> [WHAT YOU NEED TO DO] For the data that follows, return each line unchanged and drop the pictures.

--- DATA SHOWN Enclosed Below ---

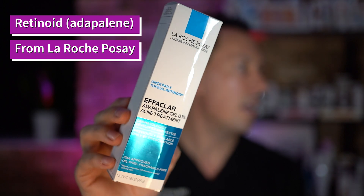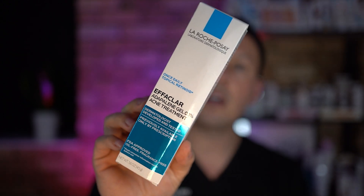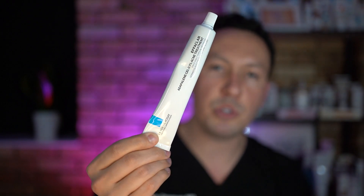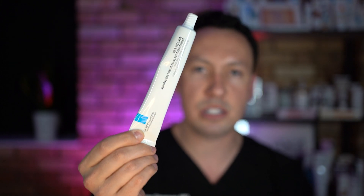One of the big things you can do at bedtime is use a retinoid. This helps prevent blockage of the pores and helps normalize the way our skin grows to prevent plugging and acne bumps from forming. This is an example here of La Roche-Posay adapalene — previously only a prescription product made by Differin, now available over the counter. Use only a pea-sized amount at bedtime. Start Monday, Wednesday, Friday and then increase to nightly as tolerated. It's okay to use a good moisturizer after, because it can cause some dryness.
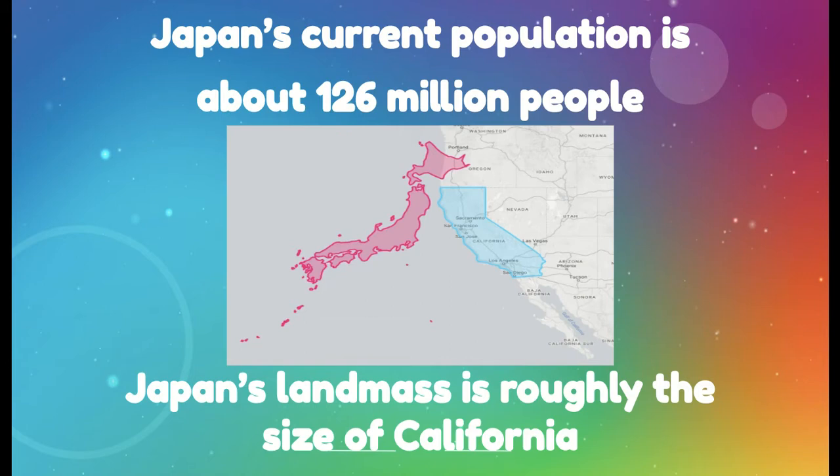Japan's current population is about 126 million people. That's a lot of people — it's not as large as the United States, but Japan's landmass is roughly the size of California. California, our largest state, has a population of about 38.5 million people. So Japan has almost 80 million more people living on the same size land as California.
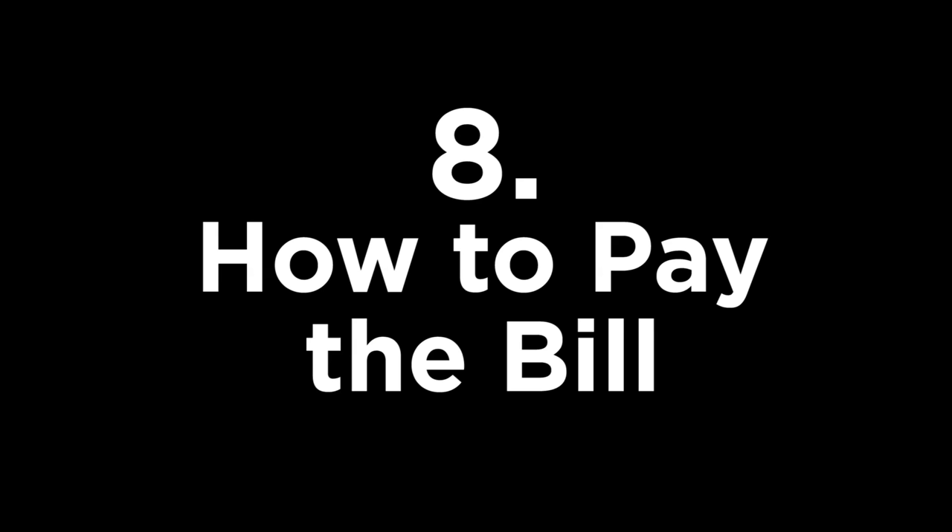Last but not least, lucky number 8: how to pay the bill. This is a very intricate process and the most important custom to note. Guests should never, ever split the bill with the host — it's very ungracious, as if you're saying the host cannot afford the bill or that you do not accept his or her hospitality. The host is supposed to pay, but you have to offer to pay at least a few times. The more sincere-looking the mock efforts, the better. Don't actually pay the bill, because that would be rude. But don't just sit back and accept it either, because that makes it seem like you expect them to pay. So offer to pay, graciously allow the host to pay, then thank them sincerely.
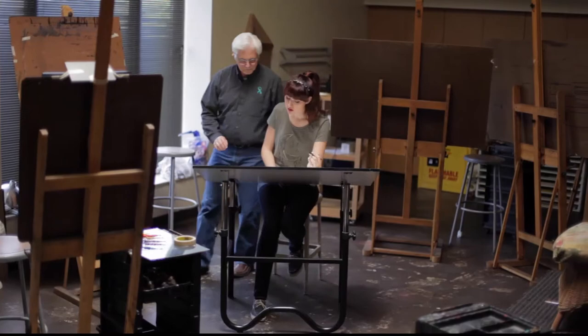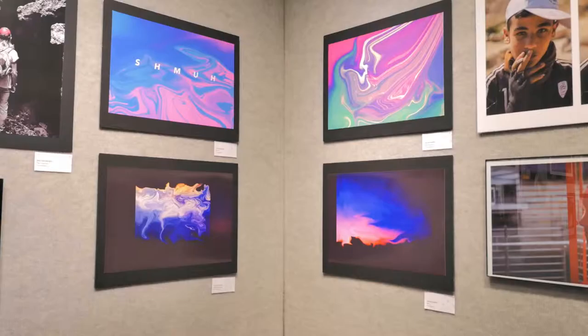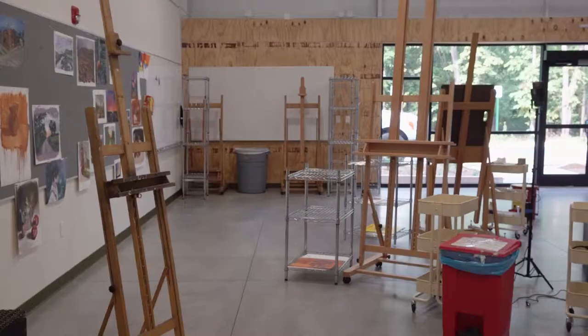A freshman could look forward to classes like color studies, which is a basic color theory class. You can also look at figure drawing classes, which I really enjoyed, oil painting, watercolor studios, and advanced studio later on in the program. There are lots of options out there.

--- End of Enclosed DATA SHOWN ---

> [YOUR RESPONSE]
One of the big things you can do at bedtime is use a retinoid. This helps prevent blockage of the pores and helps normalize the way our skin grows to prevent plugging and acne bumps from forming. This is an example here of La Roche-Posay adapalene — previously only a prescription product made by Differin, now available over the counter. Use only a pea-sized amount at bedtime. Start Monday, Wednesday, Friday and then increase to nightly as tolerated. It's okay to use a good moisturizer after, because it can cause some dryness.
Japan's current population is about 126 million people. That's a lot of people — it's not as large as the United States, but Japan's landmass is roughly the size of California. California, our largest state, has a population of about 38.5 million people. So Japan has almost 80 million more people living on the same size land as California.
Last but not least, lucky number 8: how to pay the bill. This is a very intricate process and the most important custom to note. Guests should never, ever split the bill with the host — it's very ungracious, as if you're saying the host cannot afford the bill or that you do not accept his or her hospitality. The host is supposed to pay, but you have to offer to pay at least a few times. The more sincere-looking the mock efforts, the better. Don't actually pay the bill, because that would be rude. But don't just sit back and accept it either, because that makes it seem like you expect them to pay. So offer to pay, graciously allow the host to pay, then thank them sincerely.
A freshman could look forward to classes like color studies, which is a basic color theory class. You can also look at figure drawing classes, which I really enjoyed, oil painting, watercolor studios, and advanced studio later on in the program. There are lots of options out there.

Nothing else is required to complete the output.